■ **DATA RECORDS**:
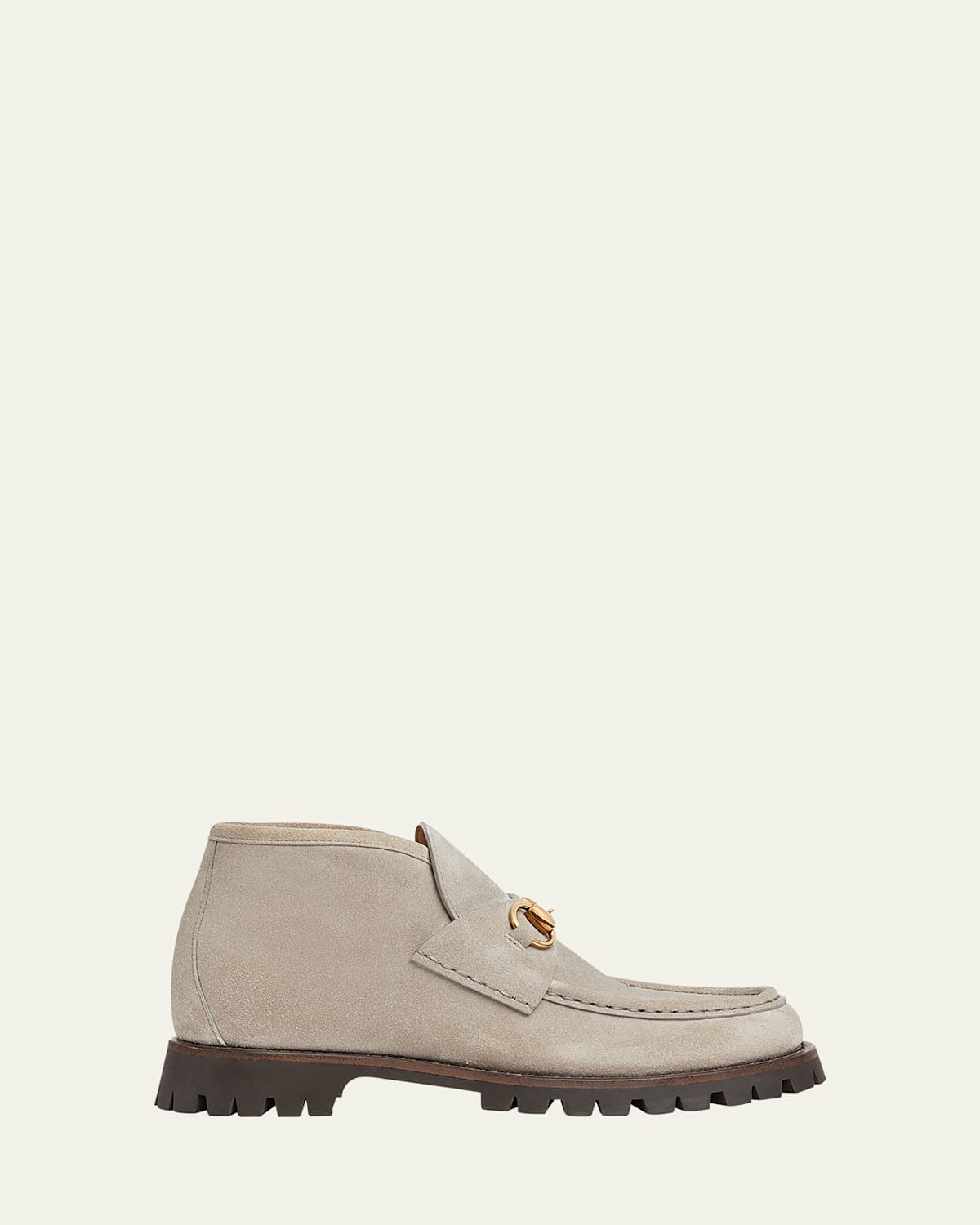 Sylke Suede Bit Moccasin Booties | Bergdorf Goodman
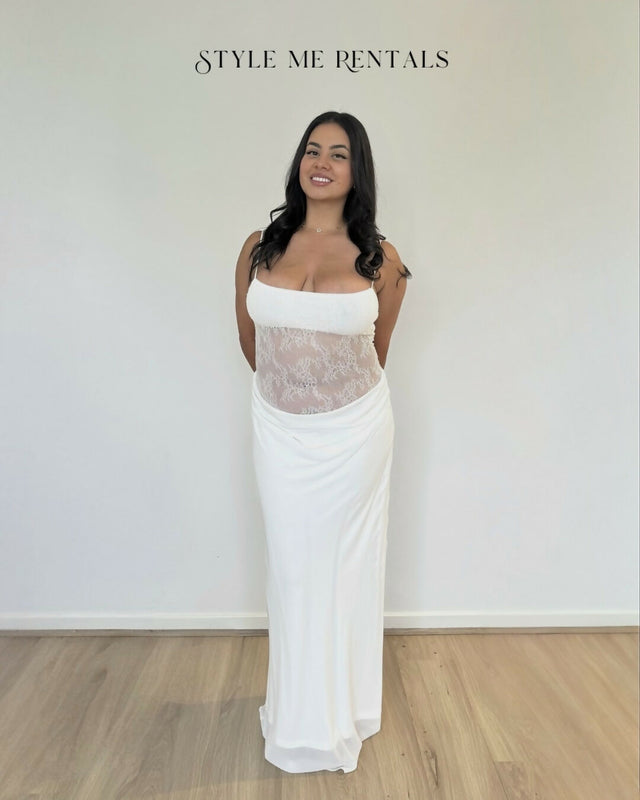 Benni Gabriel Maxi Dress White Size 12 - 12 / White - Dresses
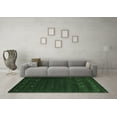 thumbnail image 3 of Ahgly Company Indoor Round Abstract Emerald Green Contemporary Area Rugs, 5' Round, 3 of 4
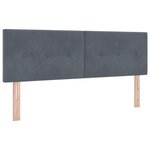 vidaXL Tête de lit LED avec bandes LED Gris 144 cm Velours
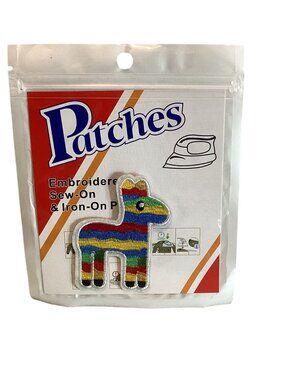Embroidered Multi Color Patch Donkey Fabric Iron/Sew On Patch New 3.5"X 2"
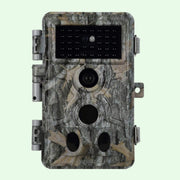 Wildcamera 32MP HD1296P en Nachtzicht, Bewegingsmelder, 0.1s trigger, 940nm infrarood, No Glow en IP66 Waterdicht voor Jacht, Huisbeveiliging| A262 Grauw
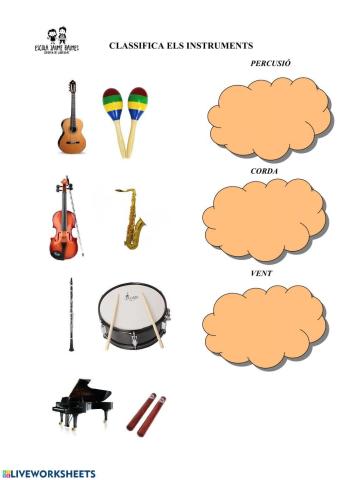 Classifica els instruments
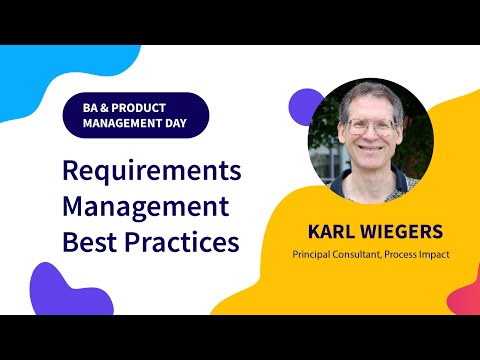 BA & Product Management Day | Requirements Management Best Practices
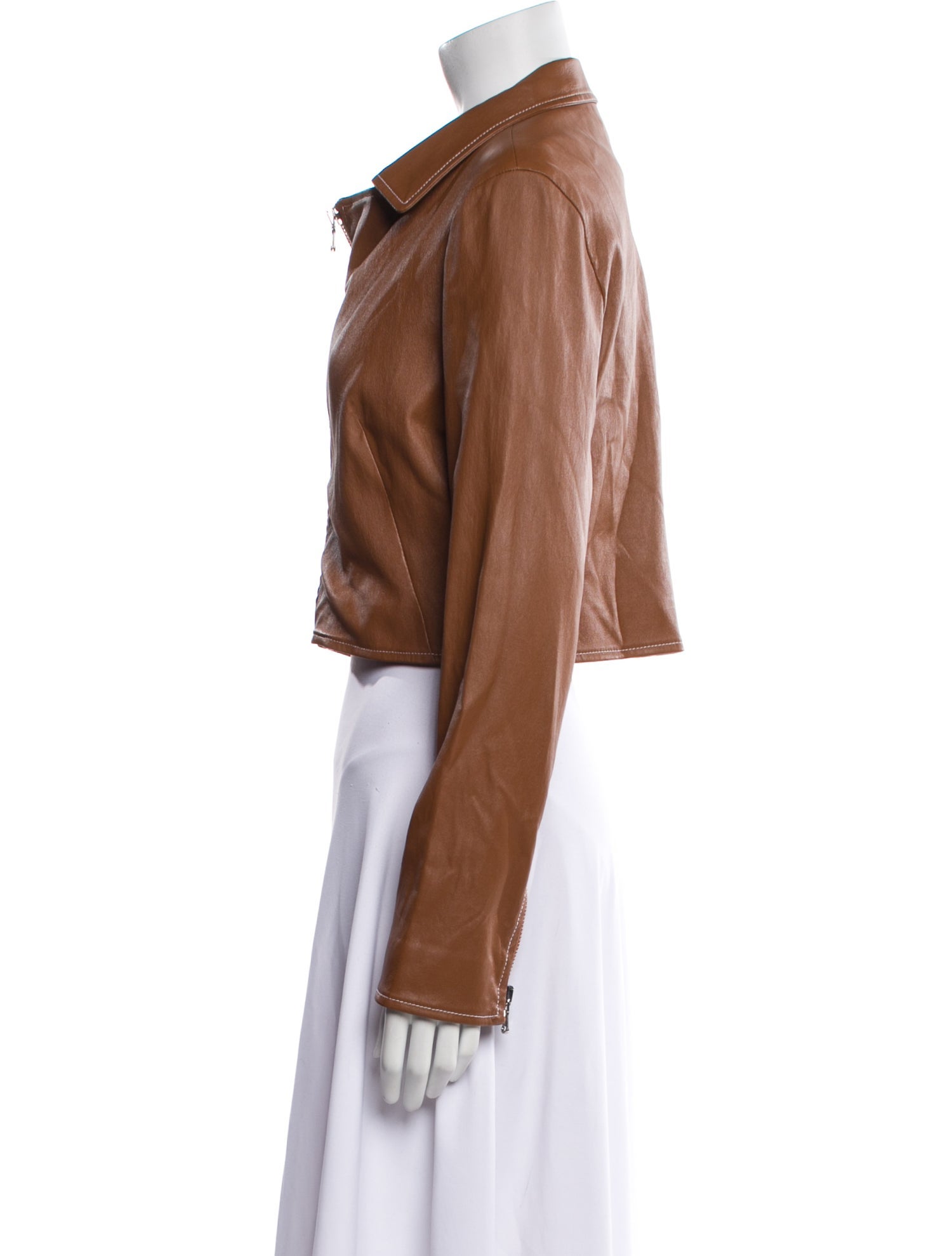 Susan Bender Leather Biker Jacket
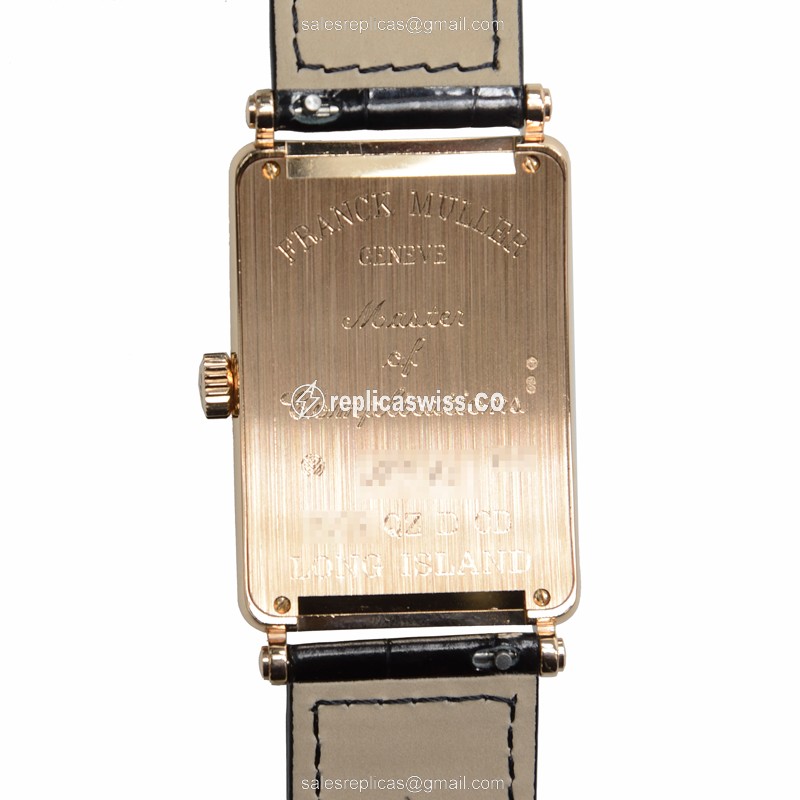 Franck Muller 1002 QZ D CD (5N) LONG ISLAND Quartz 18kt Rose Gold & Diamonds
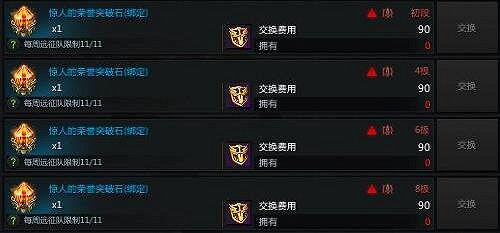 《命運方舟》夢幻版本強化武器材料一覽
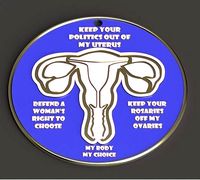 Prochoice Uterus Medallion | 3D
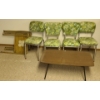 Image 1 : Vintage: Coffee Table 36 w, 11.5 d, 15.5 h, Chairs 15 w, 16.5 d, 31 h, TV Trays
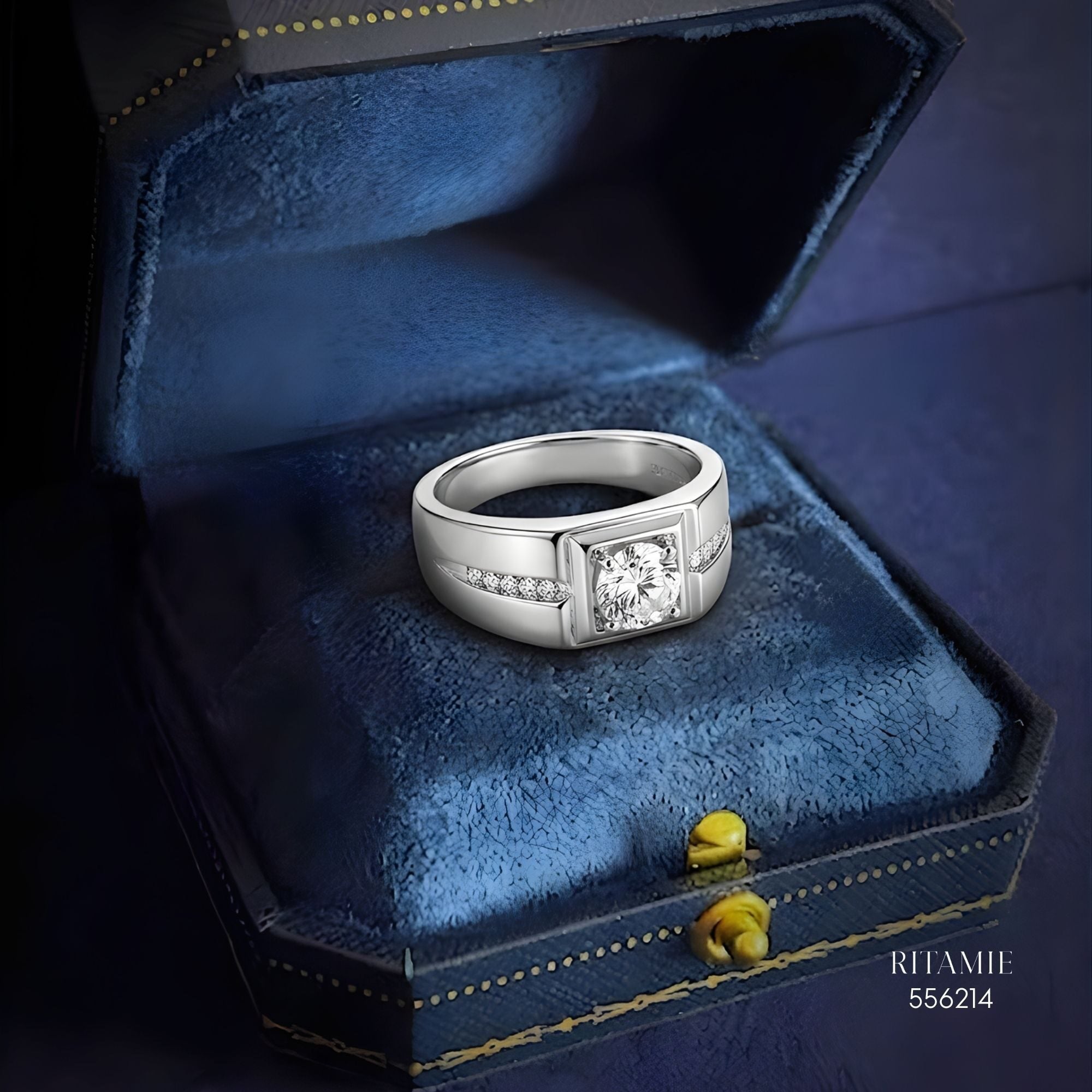 The Urban Sovereign Silver Moissanite Ring 556214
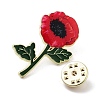 Flower Series Zinc Alloy Enamel Pin JEWB-D069-03B-3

■ **ACTION ITEM**:
No picture belongs in the answer; the rest of the records must be repeated exactly.

■ **ANSWER SPACE**:
 Sylke Suede Bit Moccasin Booties | Bergdorf Goodman
 Benni Gabriel Maxi Dress White Size 12 - 12 / White - Dresses
 thumbnail image 3 of Ahgly Company Indoor Round Abstract Emerald Green Contemporary Area Rugs, 5' Round, 3 of 4
 vidaXL Tête de lit LED avec bandes LED Gris 144 cm Velours
Embroidered Multi Color Patch Donkey Fabric Iron/Sew On Patch New 3.5"X 2"
 Wildcamera 32MP HD1296P en Nachtzicht, Bewegingsmelder, 0.1s trigger, 940nm infrarood, No Glow en IP66 Waterdicht voor Jacht, Huisbeveiliging| A262 Grauw
 Classifica els instruments
 BA & Product Management Day | Requirements Management Best Practices
 Susan Bender Leather Biker Jacket
 Franck Muller 1002 QZ D CD (5N) LONG ISLAND Quartz 18kt Rose Gold & Diamonds
 《命運方舟》夢幻版本強化武器材料一覽
 Prochoice Uterus Medallion | 3D
 Image 1 : Vintage: Coffee Table 36 w, 11.5 d, 15.5 h, Chairs 15 w, 16.5 d, 31 h, TV Trays
 The Urban Sovereign Silver Moissanite Ring 556214
 Flower Series Zinc Alloy Enamel Pin JEWB-D069-03B-3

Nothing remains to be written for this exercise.